I'm talking about the Celtic's winning streak, which we all know isn't going to last, to avoid talking about another streak, which I don't want to jinx.

Sunday, November 11, 2007

Tommy and Tom

I had been mulling over a post entitled "Tom Wilkinson kicks ass" raving about his performance in "Michael Clayton". In this film, he has a supporting role as a lawyer who has a manic-depressive moment while interviewing a witness for a class action suit.

He strips naked and professes his devotion to one of the plaintiffs. (Thankfully, and with all due respect to Mr. Wilkinson, this happens off camera.) Problem is that his job is with the defendant's team.

Tom Wilkinson was "just another one of those British actors" before he really made an impression in "The Full Monty". Then he started getting more interesting roles. He really broke through with a masterful performance in "In the Bedroom" as the father of a boy who is murdered by a vengeful husband.
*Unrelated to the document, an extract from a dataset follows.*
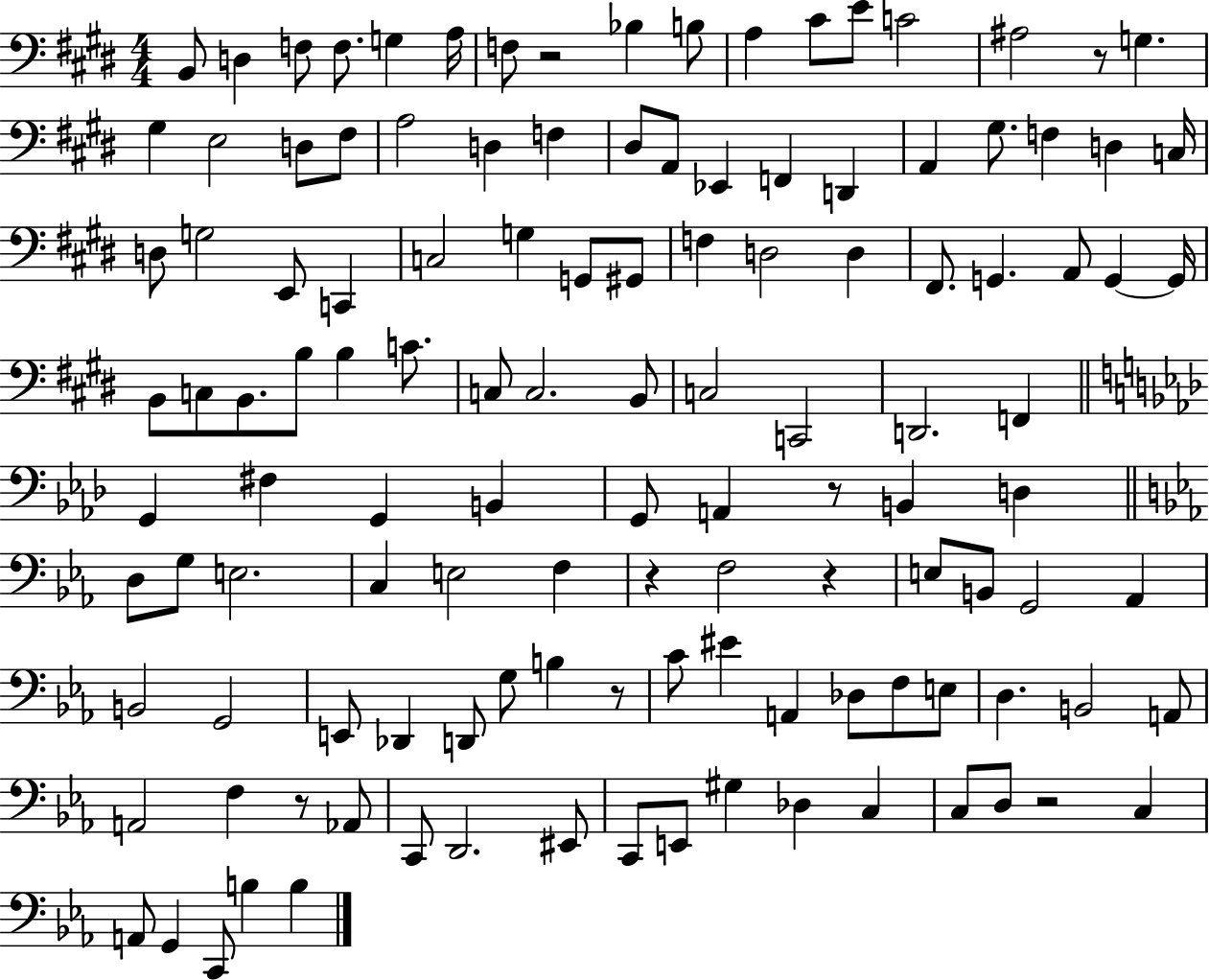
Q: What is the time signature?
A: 4/4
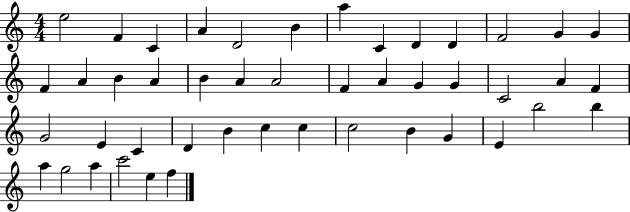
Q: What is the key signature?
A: C major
He is still doing mostly supporting performances, as is typical for actors of his age, but he shines again in "Michael Clayton".
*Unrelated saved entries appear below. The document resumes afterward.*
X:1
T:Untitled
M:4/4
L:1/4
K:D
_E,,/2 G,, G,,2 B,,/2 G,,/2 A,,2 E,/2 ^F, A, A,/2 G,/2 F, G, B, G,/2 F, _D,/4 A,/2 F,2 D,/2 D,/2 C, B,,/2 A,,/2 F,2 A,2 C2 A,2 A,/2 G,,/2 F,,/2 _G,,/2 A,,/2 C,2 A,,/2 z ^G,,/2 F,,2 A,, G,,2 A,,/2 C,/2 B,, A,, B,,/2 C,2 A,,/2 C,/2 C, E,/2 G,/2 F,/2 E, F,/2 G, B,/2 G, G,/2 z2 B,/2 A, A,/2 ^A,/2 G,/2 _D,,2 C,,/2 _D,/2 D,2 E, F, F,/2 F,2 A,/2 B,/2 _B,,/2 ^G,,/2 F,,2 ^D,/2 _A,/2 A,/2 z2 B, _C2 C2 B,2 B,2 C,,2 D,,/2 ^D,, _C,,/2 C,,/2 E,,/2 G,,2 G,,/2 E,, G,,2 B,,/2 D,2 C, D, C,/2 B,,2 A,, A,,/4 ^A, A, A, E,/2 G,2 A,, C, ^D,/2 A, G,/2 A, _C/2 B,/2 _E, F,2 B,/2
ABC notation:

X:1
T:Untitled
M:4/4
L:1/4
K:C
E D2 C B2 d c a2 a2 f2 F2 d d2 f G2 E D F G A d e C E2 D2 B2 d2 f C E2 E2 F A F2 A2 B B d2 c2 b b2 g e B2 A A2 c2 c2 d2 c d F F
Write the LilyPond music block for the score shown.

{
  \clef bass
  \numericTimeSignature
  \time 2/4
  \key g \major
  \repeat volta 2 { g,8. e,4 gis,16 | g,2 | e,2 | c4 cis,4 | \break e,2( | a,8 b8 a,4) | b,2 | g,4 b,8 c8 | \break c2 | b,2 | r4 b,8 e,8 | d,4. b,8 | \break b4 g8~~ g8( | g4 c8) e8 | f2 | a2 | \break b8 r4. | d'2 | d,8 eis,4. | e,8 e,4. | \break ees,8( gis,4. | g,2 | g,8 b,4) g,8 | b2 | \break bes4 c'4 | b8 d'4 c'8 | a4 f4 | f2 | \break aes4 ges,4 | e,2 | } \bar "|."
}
It is very easy to do a hack job playing a person with mental illness. Most actors just behave weirdly and illogically, and with excesses of anger and sadness, and that combination is supposed to represent mental illness. (BTW, Nicole Kidman did even worse than that in "The Hours" but because she had a fake nose on and had been jobbed for "Moulin Rouge", the film she deserved recognition for, she got an Oscar for "The Hours", even when she was the weak link in the trio of actresses in that film. But I digress. Well, not really since my point was about portraying mental illness.)
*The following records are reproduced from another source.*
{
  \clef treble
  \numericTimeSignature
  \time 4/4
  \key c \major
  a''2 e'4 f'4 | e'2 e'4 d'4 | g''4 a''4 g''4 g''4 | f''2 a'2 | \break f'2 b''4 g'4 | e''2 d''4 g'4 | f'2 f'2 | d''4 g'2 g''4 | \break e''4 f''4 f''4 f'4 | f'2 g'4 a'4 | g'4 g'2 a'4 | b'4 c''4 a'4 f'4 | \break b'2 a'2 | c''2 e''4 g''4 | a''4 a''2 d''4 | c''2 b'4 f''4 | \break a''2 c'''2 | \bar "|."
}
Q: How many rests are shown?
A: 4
Anyway, Wilkinson is masterful at conveying the logic of a man undergoing a "moment of clarity" induced by going of his meds. He realizes that his job essentially consists of defending a rotten corporation that consciously did a cost-benefit analysis and decided to poison its customers. I think it is easy to play such a role incorrectly: to either be too righteous or too nutty. Wilkinson does a great job portraying a person aware of his own mental illness and struggling to decide which of his thoughts are valid and which are solely a result of manic depression. And under all of that is his own legal knowledge, which bursts through in a moment when he's discussing with George Clooney the firm's options in terms of trying to keep him quiet.

Or, to put it differently, Wilkinson is handed a very complex, realistic character and does a masterful job bringing him to screen. I really think he steals the film from George Clooney, who is no slouch in "Michael Clayton" by any means.

Based on what I've seen so far, I would put Wilkinson in the lead for any "Best Supporting Actor" consideration for 2007.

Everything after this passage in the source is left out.